Le contrôle des exportations pétrolières a toujours été une source de discorde majeure entre Bagdad et Erbil, la capitale du Kurdistan irakien, menant à la fermeture brutale d’un oléoduc vital vers la Turquie en mars 2023. Cette interruption, loin d’être anodine, a provoqué des pertes estimées à plus de 35 milliards de dollars pour toutes les parties concernées, selon l’Association de l’industrie pétrolière du Kurdistan (Apikur). Une somme astronomique qui aurait pu être investie dans le développement d’un pays ravagé par des décennies de conflits et de mauvaise gestion.
Ali Nizar, directeur de la State Oil Marketing Organization (SOMO), a confirmé la reprise des exportations, avec 190 000 barils par jour destinés à l’exportation et 50 000 barils pour la consommation locale. Cependant, derrière cette façade d’accord, les tensions restent palpables. La région du Kurdistan doit toujours 1 milliard de dollars aux compagnies pétrolières pour les frais de production, une dette qui pèse lourdement sur la reprise effective et durable des opérations. Le groupe norvégien DNO ASA a même refusé de se joindre à l’accord, exigeant des garanties de paiement solides.
Cet accord, bien que présenté comme une avancée, ne fait que masquer des problèmes structurels bien plus graves. Il n’est qu’une solution temporaire, fruit de négociations ardues, pour remettre en marche une machine à sous défaillante. L’Irak, riche en pétrole, peine à capitaliser sur ses ressources en raison d’une instabilité politique chronique et d’une corruption endémique. Les exportations étaient auparavant gérées de manière indépendante par le Kurdistan, sans l’aval de Bagdad, jusqu’à ce qu’une décision du tribunal arbitral de la Chambre de commerce internationale de Paris en mars 2023 mette fin à cette autonomie, affirmant le droit exclusif de Bagdad de commercialiser tout le pétrole irakien.

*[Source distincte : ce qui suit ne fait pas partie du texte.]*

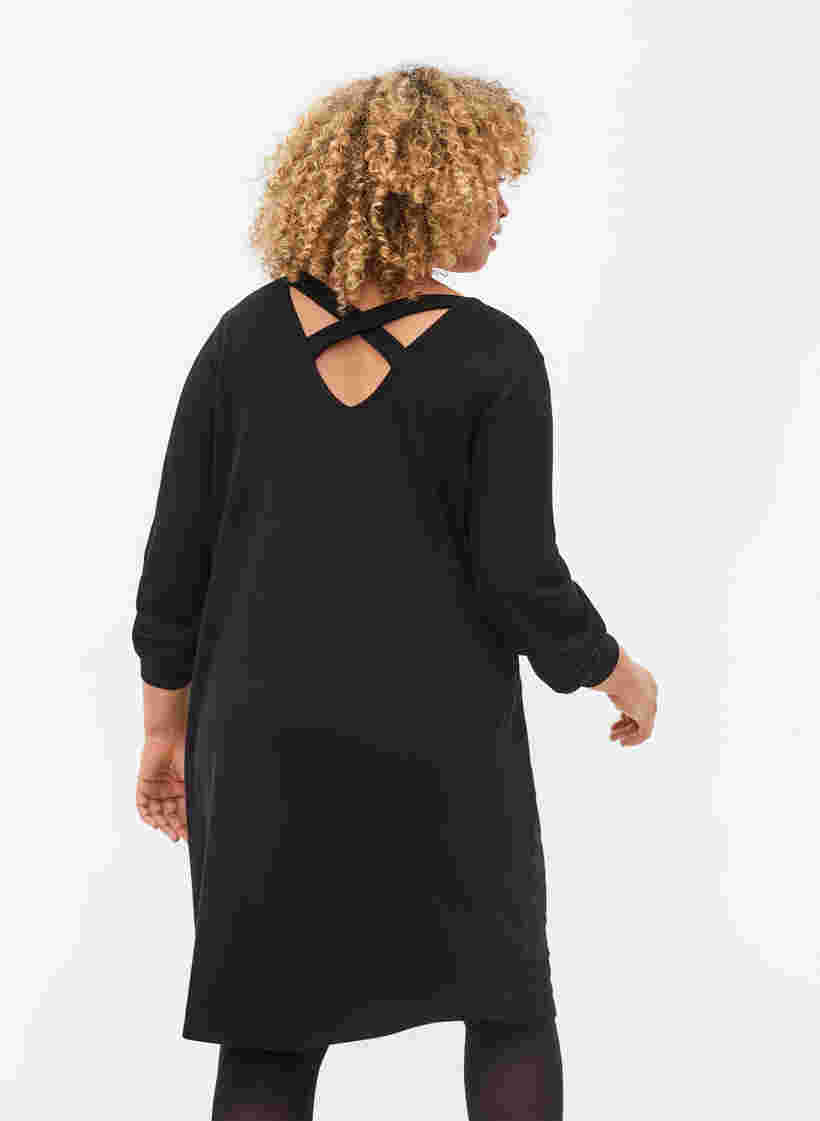 Pitkähihainen mekko selkäyksityiskohdilla, Black, Model image number 1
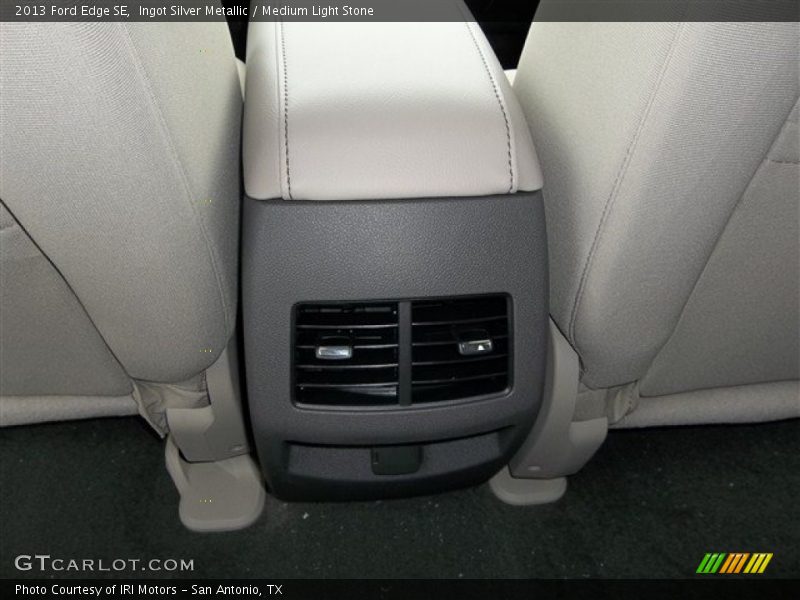 Ingot Silver Metallic / Medium Light Stone 2013 Ford Edge SE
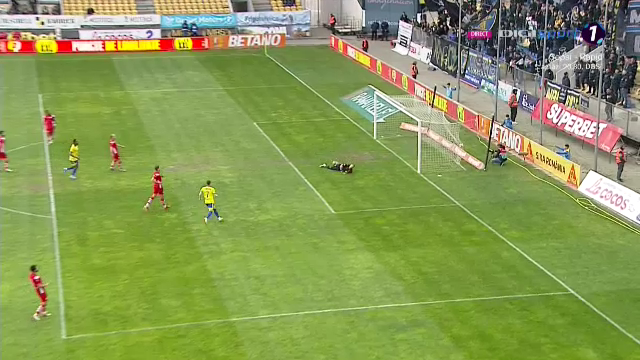 Ca în vremurile bune! Budescu, reușită magnifică în Petrolul - Mioveni_36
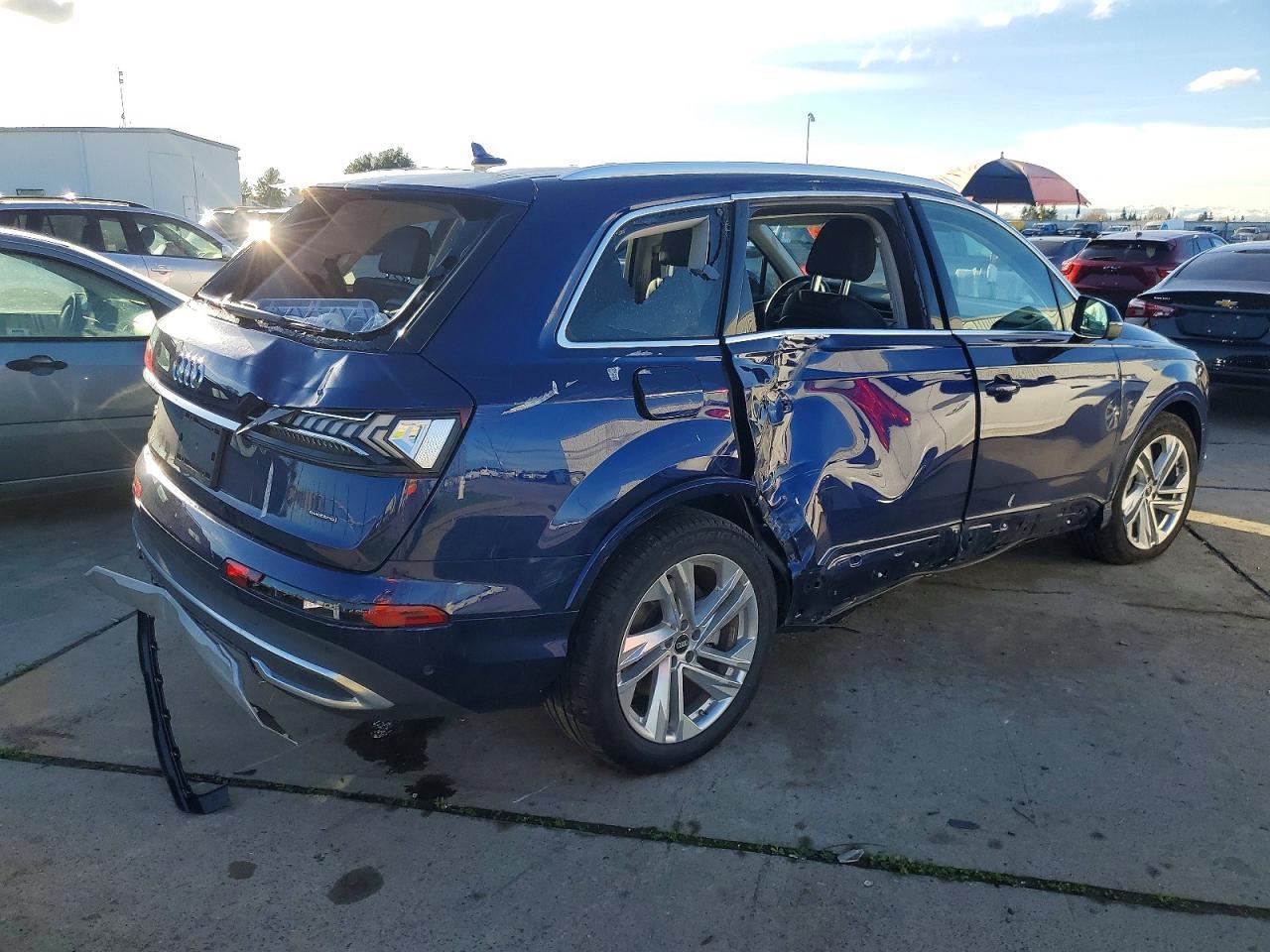 2022 Audi Q7 Premium Plus
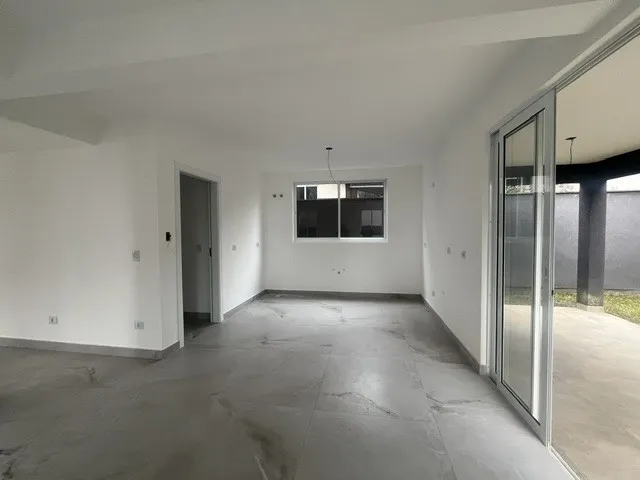 Imagem Casa 4 dormitórios em condominio fechado em Santa Felicidade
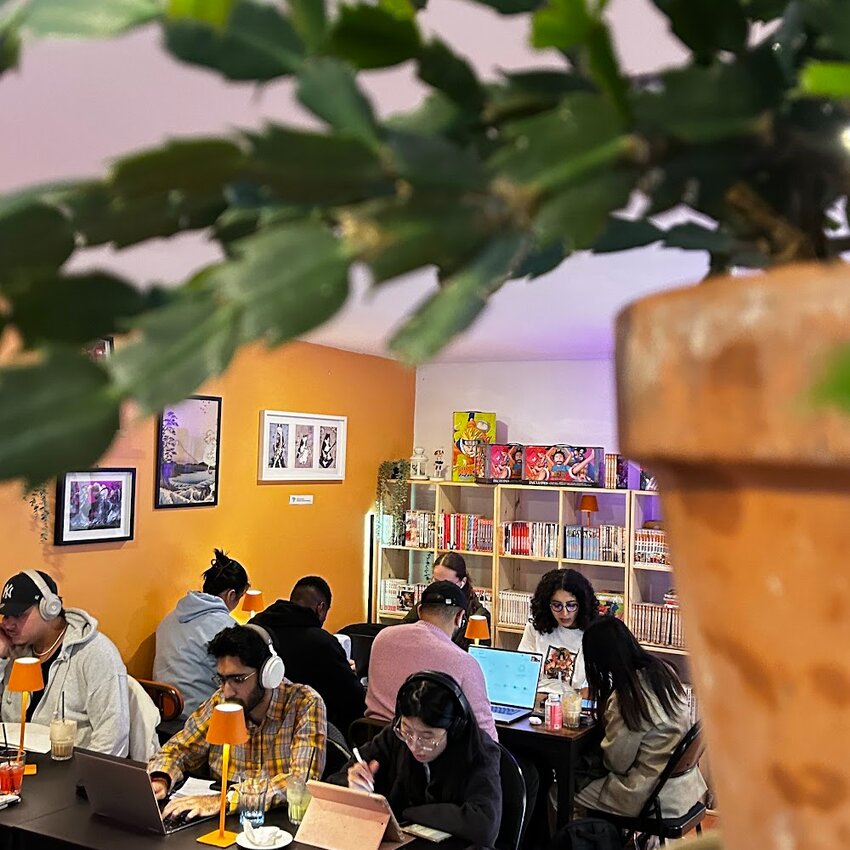 Kaizen Manga Caf&eacute; - Sushi Restaurants Near: H3B4E8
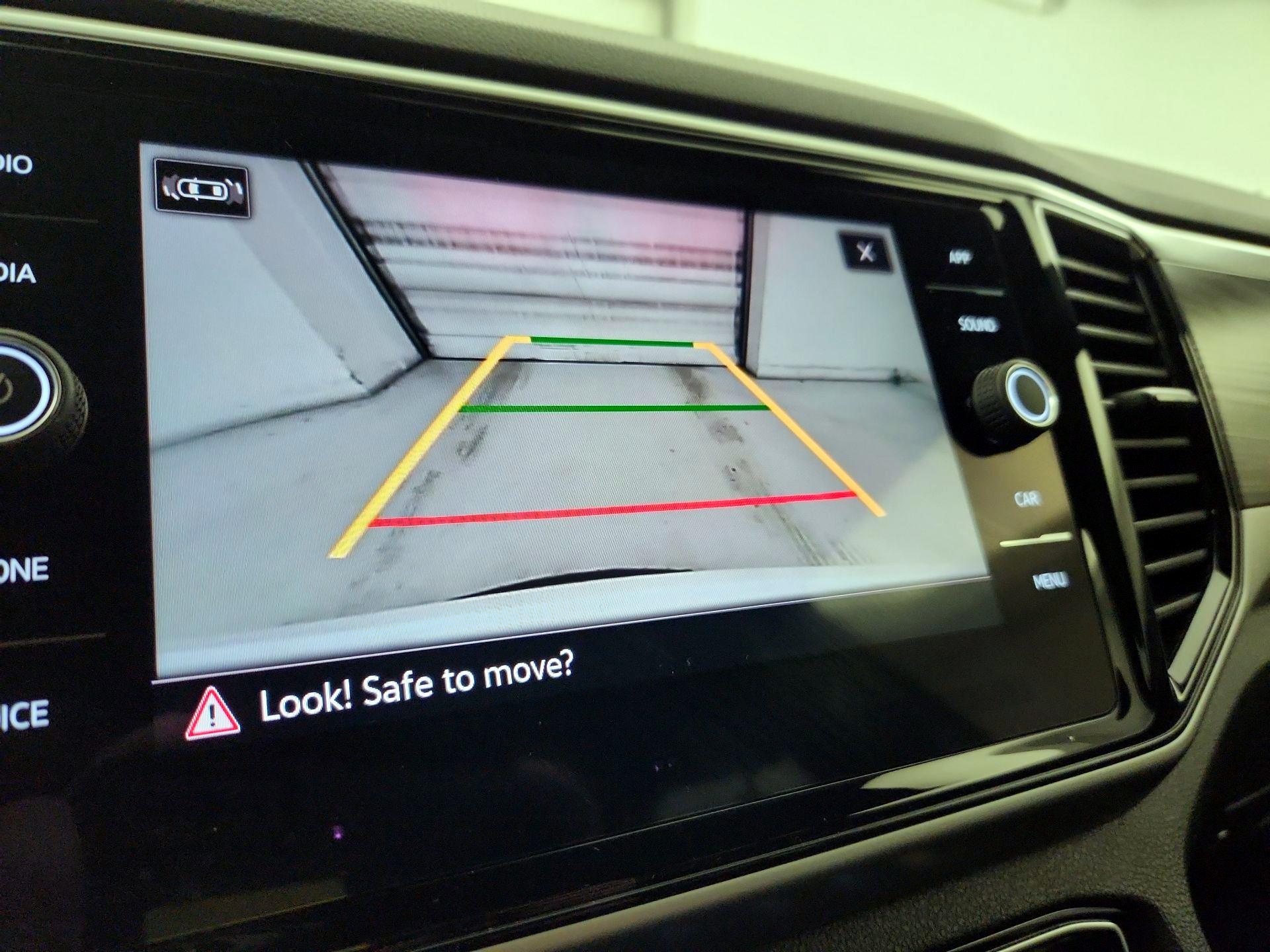 Thumbnail: 2023 Volkswagen Atlas - 14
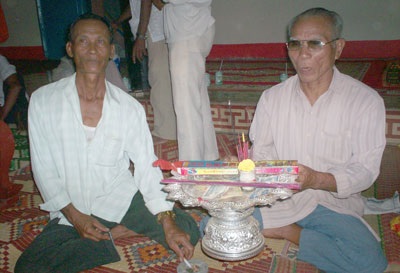 Thành kính lễ dâng bông, dâng y cà sa của người Khơmer - 10 Thành kính lễ dâng bông, dâng y cà sa của người Khơmer - 10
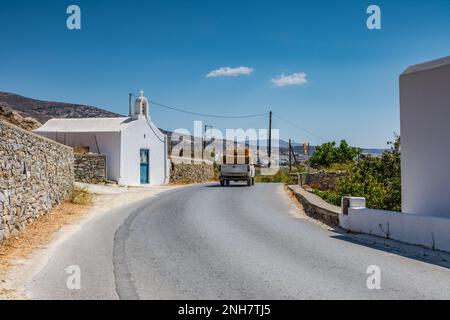 Petite église caractéristique sur le bord d'une route, Naxos Banque D'Images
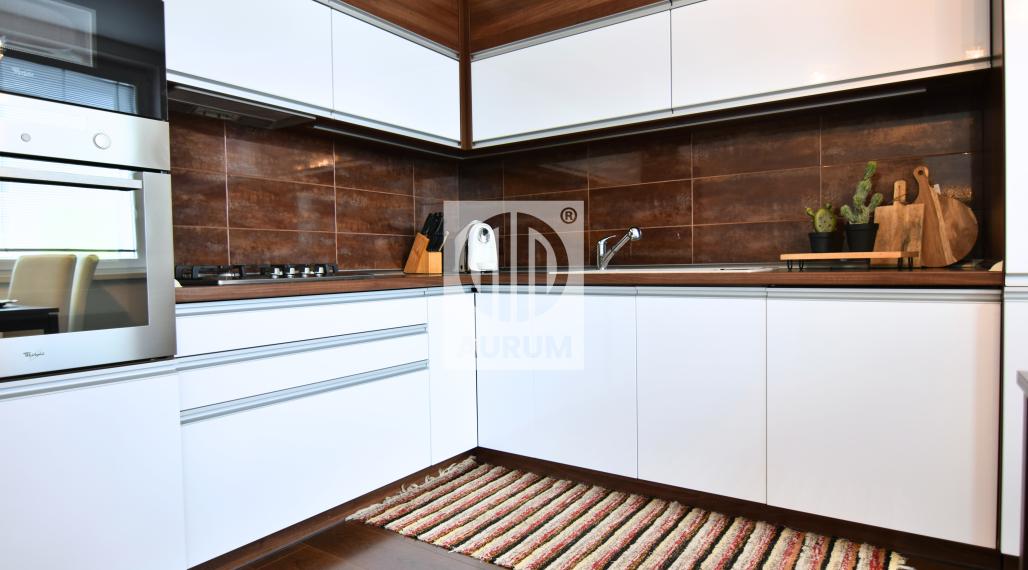 PRENÁJOM, 3 izb. byt Námestie kozmonautov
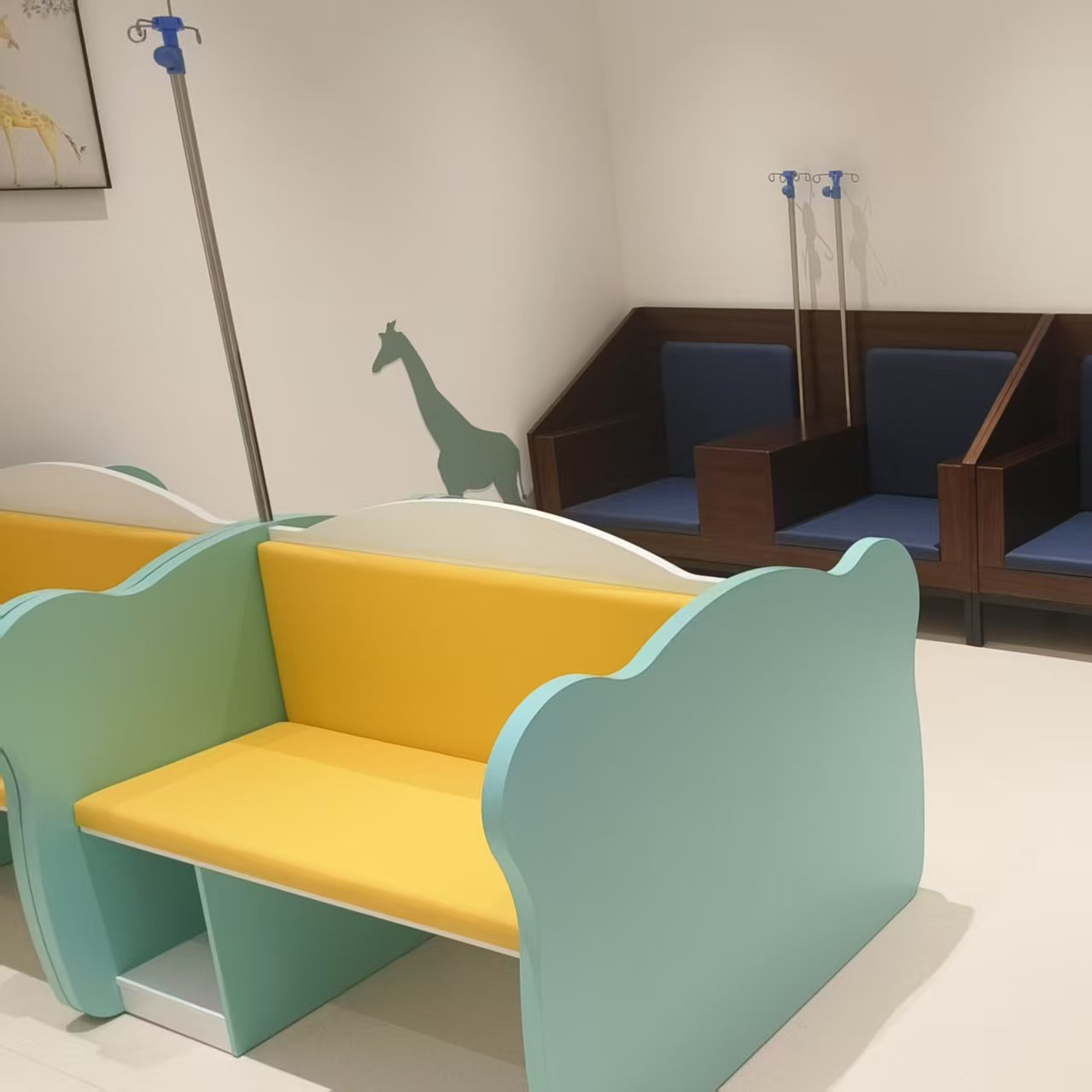 Infusion Center Furniture Set (Chair + Side Table)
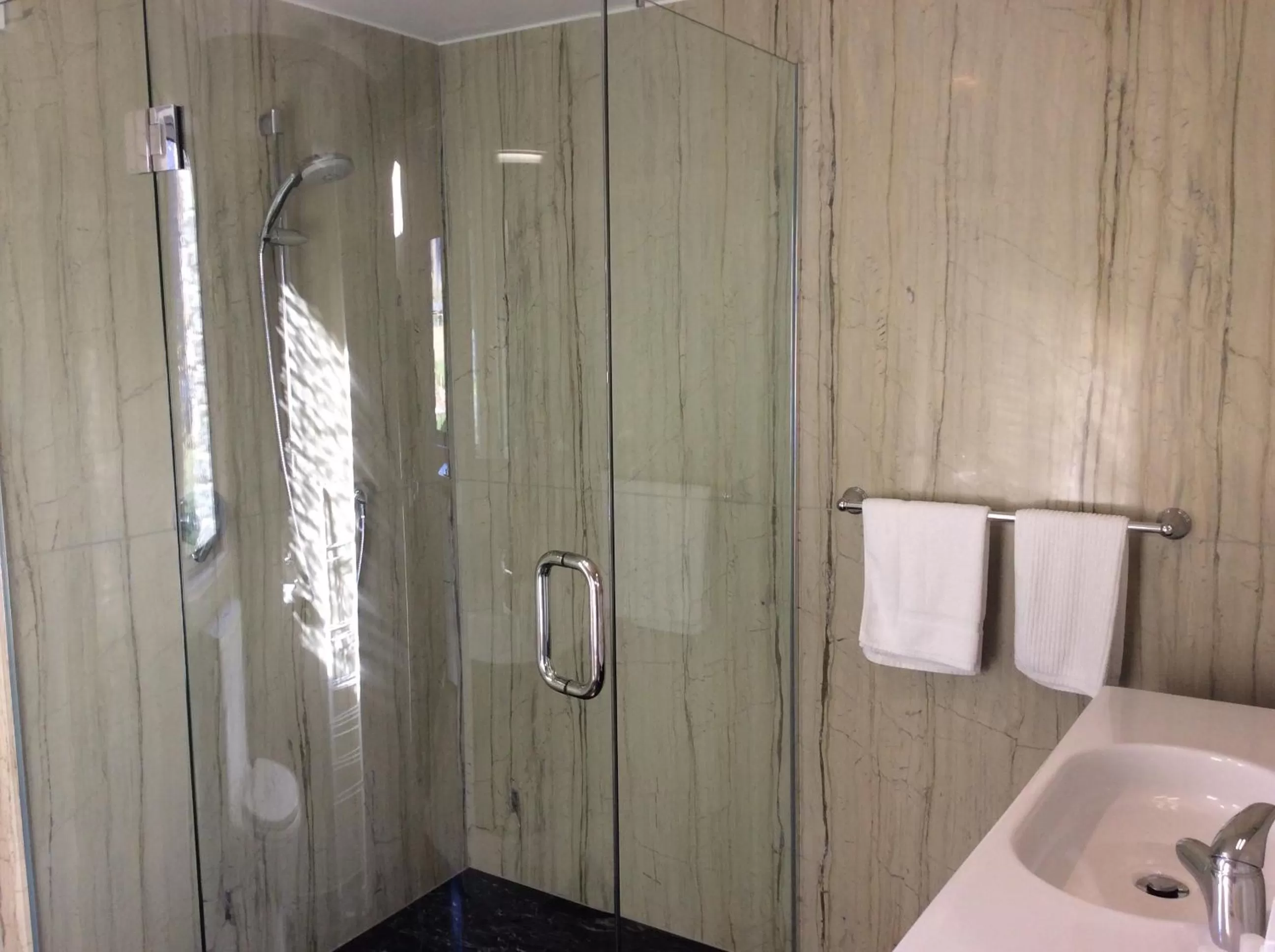 Bathroom in Golfcourse Road Chalets and Lodge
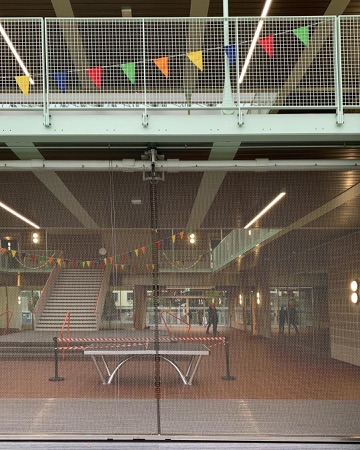 Treppenhäuser, Handläufe aus Metall, Glas · Schulanlage Guggach III — Weyell Zipse Architekten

En somme, cette reprise des exportations n’est qu’un pansement sur une hémorragie. Les défis sont immenses : garantir des paiements, gérer les arriérés et surtout, établir une relation de confiance durable entre le gouvernement central et la région autonome. Sans une réforme en profondeur, les conflits pétroliers continueront de menacer la stabilité de l’Irak et de priver sa population des bénéfices de ses richesses naturelles.